*** Opening AVAILABLE DATA ***

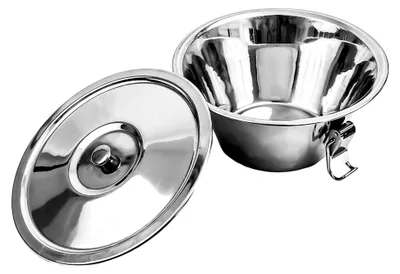Produktbild von Wasserbadform - Puddingform mit Deckel - Förmchen für Pudding - Puddingformen zum Stürzen - Creme Brulee Schälchen, Souffle Förmchen - Edelstahl - 16 cm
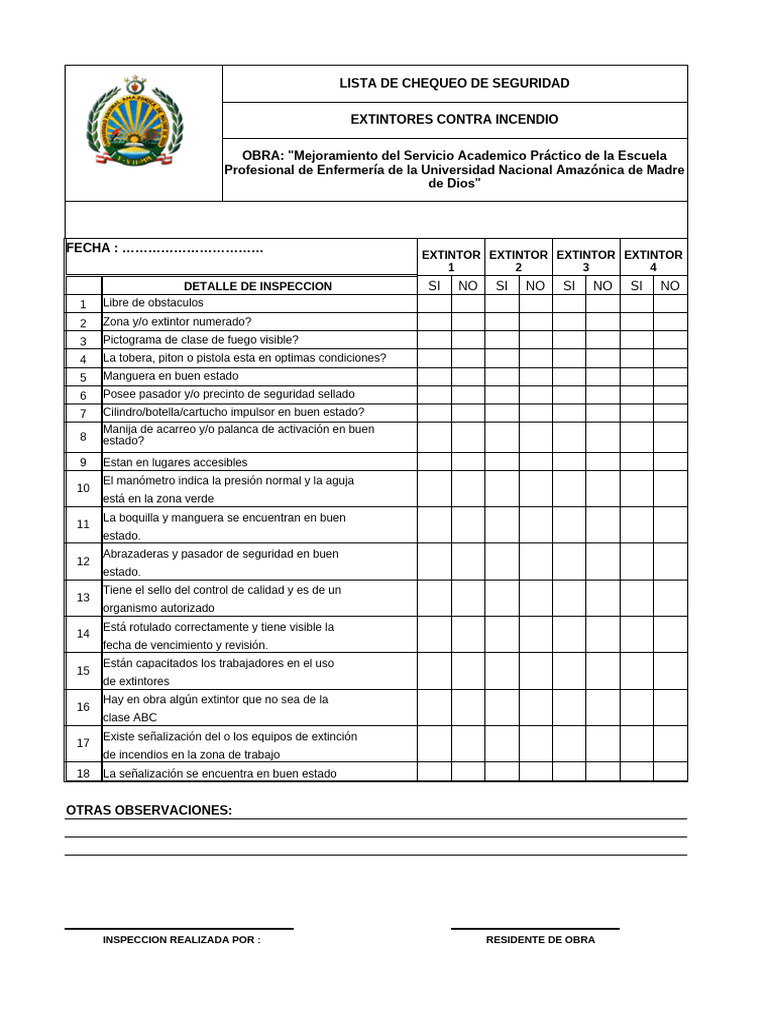 Checklist de Inspección de Extintores | PDF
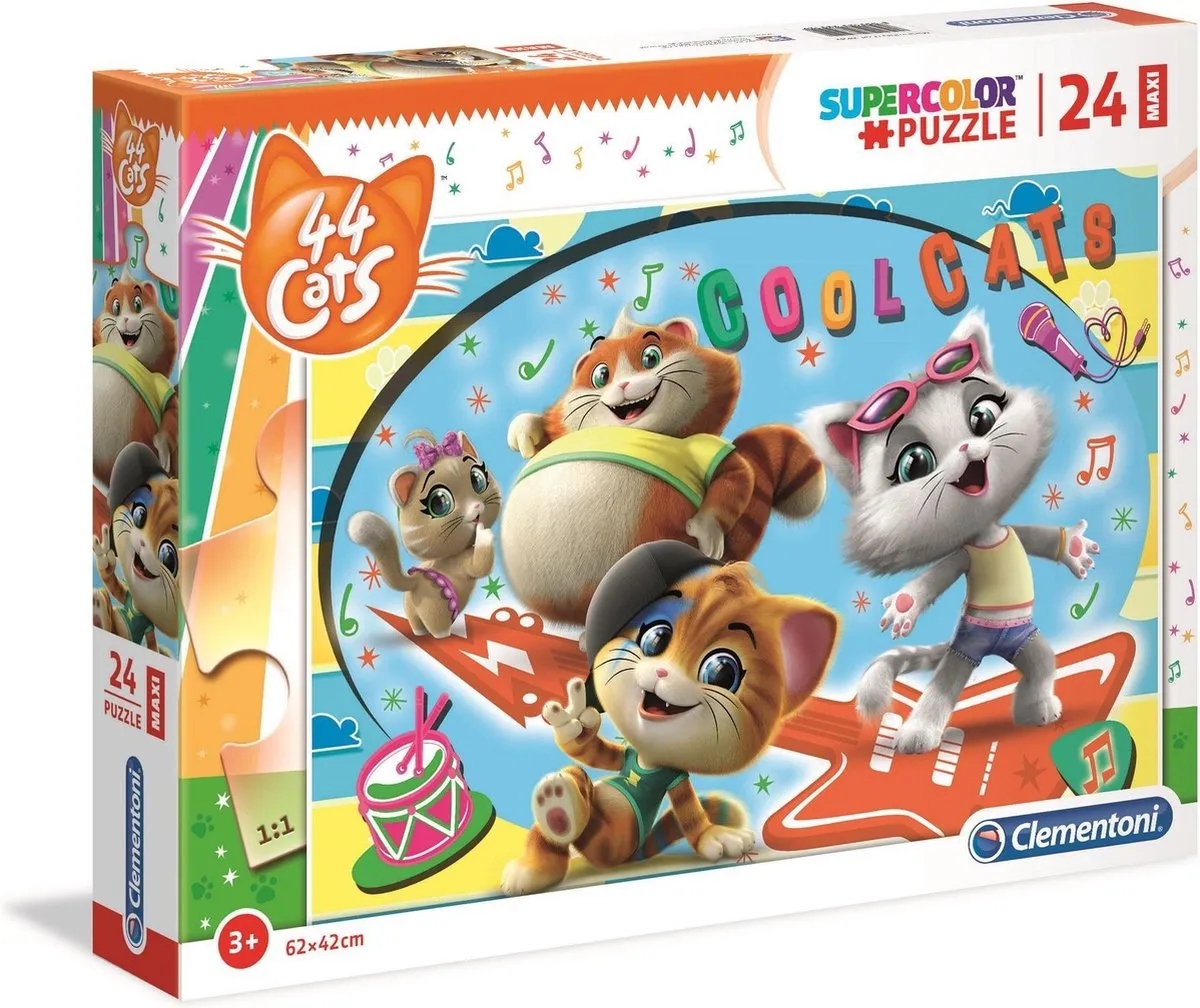 Clementoni Legpuzzel Maxi Cool Cats 24 Stuks - 24 Puzzeldelen - afbeelding 3 van 3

*** Closing AVAILABLE DATA ***

→ **PROBLEM DESCRIPTION**: Please return each line of the listing exactly as written, excluding the images.

→ **EXERCISE OUTPUT**:
Produktbild von Wasserbadform - Puddingform mit Deckel - Förmchen für Pudding - Puddingformen zum Stürzen - Creme Brulee Schälchen, Souffle Förmchen - Edelstahl - 16 cm
 Checklist de Inspección de Extintores | PDF
 Clementoni Legpuzzel Maxi Cool Cats 24 Stuks - 24 Puzzeldelen - afbeelding 3 van 3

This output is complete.